▶ Requirement: Look below and pull out each line with the word "Hotel".

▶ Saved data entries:
........

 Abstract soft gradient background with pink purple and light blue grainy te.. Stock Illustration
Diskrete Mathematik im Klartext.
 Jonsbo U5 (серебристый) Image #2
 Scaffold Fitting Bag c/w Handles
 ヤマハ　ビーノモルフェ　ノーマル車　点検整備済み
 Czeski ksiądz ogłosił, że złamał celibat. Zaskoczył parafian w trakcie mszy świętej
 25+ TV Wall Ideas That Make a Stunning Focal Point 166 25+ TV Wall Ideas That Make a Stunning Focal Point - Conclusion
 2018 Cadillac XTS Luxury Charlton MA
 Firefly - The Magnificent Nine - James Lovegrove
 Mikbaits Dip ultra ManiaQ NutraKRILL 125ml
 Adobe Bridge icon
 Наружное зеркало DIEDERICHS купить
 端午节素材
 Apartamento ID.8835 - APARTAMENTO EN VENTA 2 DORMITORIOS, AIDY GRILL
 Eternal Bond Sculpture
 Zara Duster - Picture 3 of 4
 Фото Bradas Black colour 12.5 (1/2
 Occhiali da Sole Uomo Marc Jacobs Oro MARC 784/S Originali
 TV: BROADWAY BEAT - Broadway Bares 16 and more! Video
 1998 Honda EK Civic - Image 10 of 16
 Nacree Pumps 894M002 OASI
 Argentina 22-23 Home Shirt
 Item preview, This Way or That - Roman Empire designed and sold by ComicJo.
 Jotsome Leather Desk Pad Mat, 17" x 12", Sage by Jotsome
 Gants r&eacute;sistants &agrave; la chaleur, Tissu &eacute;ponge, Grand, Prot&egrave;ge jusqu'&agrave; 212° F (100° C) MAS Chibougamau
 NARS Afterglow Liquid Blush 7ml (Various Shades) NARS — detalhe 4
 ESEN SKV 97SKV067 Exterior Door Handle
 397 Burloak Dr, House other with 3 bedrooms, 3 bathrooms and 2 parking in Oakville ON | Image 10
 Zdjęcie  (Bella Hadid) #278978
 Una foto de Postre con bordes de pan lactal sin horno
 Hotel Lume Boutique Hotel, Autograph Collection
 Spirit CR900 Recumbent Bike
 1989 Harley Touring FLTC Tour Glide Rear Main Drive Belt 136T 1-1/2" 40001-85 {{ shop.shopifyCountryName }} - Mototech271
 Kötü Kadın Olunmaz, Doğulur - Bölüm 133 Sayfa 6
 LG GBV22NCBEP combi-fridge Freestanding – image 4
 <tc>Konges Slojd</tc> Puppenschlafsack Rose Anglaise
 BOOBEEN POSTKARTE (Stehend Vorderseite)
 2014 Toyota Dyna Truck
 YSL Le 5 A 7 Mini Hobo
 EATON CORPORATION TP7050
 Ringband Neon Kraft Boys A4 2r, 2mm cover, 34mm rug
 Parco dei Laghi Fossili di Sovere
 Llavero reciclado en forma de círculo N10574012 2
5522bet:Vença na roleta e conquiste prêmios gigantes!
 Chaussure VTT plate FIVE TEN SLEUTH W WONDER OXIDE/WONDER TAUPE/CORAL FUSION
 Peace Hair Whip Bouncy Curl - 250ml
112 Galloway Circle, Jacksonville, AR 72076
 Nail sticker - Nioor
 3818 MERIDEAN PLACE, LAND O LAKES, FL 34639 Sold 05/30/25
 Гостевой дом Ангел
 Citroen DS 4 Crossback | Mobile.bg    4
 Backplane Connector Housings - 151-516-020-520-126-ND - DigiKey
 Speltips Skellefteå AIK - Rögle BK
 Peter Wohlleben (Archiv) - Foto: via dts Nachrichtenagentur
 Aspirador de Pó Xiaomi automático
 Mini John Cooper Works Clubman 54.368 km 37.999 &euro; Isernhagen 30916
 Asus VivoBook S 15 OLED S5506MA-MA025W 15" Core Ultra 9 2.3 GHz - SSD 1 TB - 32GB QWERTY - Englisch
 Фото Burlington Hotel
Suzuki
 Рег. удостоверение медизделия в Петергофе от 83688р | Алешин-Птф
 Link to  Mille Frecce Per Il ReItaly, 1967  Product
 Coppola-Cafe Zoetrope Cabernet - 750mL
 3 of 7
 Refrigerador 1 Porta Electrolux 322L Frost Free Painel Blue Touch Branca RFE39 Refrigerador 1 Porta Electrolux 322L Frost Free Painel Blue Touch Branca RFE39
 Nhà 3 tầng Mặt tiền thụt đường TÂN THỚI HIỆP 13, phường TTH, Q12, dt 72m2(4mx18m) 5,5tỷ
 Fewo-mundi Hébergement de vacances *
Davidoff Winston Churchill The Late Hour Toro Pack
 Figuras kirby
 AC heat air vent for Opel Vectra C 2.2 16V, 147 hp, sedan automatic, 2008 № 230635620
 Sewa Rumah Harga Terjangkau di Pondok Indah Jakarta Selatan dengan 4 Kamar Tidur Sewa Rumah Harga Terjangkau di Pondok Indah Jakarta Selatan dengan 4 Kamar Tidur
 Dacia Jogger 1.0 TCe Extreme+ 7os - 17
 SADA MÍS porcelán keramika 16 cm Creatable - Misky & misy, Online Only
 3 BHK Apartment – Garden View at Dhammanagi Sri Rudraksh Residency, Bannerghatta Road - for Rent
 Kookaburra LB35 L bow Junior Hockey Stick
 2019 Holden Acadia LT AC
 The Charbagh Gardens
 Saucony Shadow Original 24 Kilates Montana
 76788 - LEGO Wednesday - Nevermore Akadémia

........

▶ Solution to this exercise:
 Hotel Lume Boutique Hotel, Autograph Collection
 Фото Burlington Hotel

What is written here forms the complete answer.